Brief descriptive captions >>
──────
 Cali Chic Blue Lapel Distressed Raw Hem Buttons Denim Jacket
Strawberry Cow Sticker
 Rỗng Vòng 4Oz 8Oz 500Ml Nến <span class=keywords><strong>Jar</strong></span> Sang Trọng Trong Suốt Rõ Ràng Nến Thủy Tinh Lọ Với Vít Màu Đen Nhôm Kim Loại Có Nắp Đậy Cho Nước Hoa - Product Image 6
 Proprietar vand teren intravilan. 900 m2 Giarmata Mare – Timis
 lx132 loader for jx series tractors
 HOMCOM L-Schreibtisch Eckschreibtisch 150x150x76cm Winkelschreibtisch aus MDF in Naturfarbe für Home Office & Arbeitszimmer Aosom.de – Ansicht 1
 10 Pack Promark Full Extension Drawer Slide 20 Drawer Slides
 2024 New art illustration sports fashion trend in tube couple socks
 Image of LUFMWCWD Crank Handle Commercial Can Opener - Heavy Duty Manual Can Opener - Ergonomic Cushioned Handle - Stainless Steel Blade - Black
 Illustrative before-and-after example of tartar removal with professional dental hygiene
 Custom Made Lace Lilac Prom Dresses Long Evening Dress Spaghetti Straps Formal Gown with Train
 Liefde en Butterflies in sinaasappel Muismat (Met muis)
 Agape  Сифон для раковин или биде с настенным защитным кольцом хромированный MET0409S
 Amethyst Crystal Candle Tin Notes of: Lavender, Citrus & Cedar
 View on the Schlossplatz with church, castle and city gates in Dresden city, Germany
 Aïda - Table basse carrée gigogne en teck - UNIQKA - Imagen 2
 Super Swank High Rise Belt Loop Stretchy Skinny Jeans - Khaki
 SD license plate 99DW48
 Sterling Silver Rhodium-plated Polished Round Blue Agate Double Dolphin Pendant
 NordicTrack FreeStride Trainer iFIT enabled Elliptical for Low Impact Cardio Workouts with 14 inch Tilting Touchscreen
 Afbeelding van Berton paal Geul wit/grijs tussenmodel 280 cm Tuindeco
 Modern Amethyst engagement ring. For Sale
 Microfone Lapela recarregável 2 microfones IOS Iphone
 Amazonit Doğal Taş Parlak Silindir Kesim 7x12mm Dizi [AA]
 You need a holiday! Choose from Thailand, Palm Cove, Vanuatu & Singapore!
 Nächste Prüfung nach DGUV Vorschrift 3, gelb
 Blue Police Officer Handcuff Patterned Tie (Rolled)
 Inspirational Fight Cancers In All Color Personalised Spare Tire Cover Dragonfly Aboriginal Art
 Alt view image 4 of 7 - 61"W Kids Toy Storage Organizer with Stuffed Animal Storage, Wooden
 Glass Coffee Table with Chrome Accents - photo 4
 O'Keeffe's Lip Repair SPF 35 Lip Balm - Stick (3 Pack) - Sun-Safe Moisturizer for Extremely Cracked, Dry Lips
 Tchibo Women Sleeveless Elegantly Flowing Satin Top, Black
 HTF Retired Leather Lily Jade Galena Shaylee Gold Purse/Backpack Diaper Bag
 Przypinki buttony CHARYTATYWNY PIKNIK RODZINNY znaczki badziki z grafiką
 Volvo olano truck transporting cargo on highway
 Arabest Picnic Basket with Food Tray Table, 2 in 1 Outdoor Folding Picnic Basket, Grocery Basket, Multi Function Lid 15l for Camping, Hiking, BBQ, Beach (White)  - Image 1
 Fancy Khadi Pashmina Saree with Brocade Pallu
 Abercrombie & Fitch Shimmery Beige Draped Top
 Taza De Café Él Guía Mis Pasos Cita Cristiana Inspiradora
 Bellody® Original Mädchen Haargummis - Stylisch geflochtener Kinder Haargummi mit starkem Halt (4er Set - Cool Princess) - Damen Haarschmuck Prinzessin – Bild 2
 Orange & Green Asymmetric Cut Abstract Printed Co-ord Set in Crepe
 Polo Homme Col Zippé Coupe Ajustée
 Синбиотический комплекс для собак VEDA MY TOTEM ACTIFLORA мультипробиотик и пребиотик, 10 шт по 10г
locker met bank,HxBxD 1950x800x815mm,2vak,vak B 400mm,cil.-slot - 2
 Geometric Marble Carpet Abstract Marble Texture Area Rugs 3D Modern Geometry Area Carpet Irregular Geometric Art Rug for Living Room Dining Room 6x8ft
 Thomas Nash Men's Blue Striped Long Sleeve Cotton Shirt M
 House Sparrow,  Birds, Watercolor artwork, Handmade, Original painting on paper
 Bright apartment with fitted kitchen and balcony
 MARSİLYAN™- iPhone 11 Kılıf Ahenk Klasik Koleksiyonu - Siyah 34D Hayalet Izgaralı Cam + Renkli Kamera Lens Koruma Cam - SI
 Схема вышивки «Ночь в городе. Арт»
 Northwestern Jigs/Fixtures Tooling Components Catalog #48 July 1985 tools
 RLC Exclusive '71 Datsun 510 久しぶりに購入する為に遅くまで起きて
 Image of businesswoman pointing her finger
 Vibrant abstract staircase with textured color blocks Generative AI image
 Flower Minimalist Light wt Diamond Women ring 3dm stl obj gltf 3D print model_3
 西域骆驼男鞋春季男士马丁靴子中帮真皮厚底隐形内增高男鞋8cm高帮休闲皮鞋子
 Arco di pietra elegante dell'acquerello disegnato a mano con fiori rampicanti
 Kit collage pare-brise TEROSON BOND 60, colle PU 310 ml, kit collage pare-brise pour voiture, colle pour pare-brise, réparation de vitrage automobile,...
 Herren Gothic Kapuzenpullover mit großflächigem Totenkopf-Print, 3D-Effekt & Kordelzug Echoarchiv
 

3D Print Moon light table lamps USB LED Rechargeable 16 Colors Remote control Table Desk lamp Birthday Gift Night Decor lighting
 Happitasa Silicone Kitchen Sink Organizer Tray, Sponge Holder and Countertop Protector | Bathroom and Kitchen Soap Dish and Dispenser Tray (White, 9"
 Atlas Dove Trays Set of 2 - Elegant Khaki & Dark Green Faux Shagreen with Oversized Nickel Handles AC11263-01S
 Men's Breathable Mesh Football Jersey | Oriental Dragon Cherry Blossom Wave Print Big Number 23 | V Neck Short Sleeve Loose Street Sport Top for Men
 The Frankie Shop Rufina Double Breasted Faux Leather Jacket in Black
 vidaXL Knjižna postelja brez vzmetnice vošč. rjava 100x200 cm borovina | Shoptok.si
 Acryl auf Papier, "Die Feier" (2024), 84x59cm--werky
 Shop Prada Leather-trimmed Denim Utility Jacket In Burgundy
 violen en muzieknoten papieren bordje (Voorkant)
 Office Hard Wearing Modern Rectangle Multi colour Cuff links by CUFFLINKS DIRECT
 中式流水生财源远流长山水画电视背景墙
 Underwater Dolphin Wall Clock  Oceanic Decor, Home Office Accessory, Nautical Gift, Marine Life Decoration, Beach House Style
──────
Your objective >> Starting with the line above that holds "lx132 loader for jx series tractors" and stopping with the line that holds "Blue Police Officer", reproduce each line exactly, omitting all other lines.

Result of the exercise >>
 lx132 loader for jx series tractors
 HOMCOM L-Schreibtisch Eckschreibtisch 150x150x76cm Winkelschreibtisch aus MDF in Naturfarbe für Home Office & Arbeitszimmer Aosom.de – Ansicht 1
 10 Pack Promark Full Extension Drawer Slide 20 Drawer Slides
 2024 New art illustration sports fashion trend in tube couple socks
 Image of LUFMWCWD Crank Handle Commercial Can Opener - Heavy Duty Manual Can Opener - Ergonomic Cushioned Handle - Stainless Steel Blade - Black
 Illustrative before-and-after example of tartar removal with professional dental hygiene
 Custom Made Lace Lilac Prom Dresses Long Evening Dress Spaghetti Straps Formal Gown with Train
 Liefde en Butterflies in sinaasappel Muismat (Met muis)
 Agape  Сифон для раковин или биде с настенным защитным кольцом хромированный MET0409S
 Amethyst Crystal Candle Tin Notes of: Lavender, Citrus & Cedar
 View on the Schlossplatz with church, castle and city gates in Dresden city, Germany
 Aïda - Table basse carrée gigogne en teck - UNIQKA - Imagen 2
 Super Swank High Rise Belt Loop Stretchy Skinny Jeans - Khaki
 SD license plate 99DW48
 Sterling Silver Rhodium-plated Polished Round Blue Agate Double Dolphin Pendant
 NordicTrack FreeStride Trainer iFIT enabled Elliptical for Low Impact Cardio Workouts with 14 inch Tilting Touchscreen
 Afbeelding van Berton paal Geul wit/grijs tussenmodel 280 cm Tuindeco
 Modern Amethyst engagement ring. For Sale
 Microfone Lapela recarregável 2 microfones IOS Iphone
 Amazonit Doğal Taş Parlak Silindir Kesim 7x12mm Dizi [AA]
 You need a holiday! Choose from Thailand, Palm Cove, Vanuatu & Singapore!
 Nächste Prüfung nach DGUV Vorschrift 3, gelb
 Blue Police Officer Handcuff Patterned Tie (Rolled)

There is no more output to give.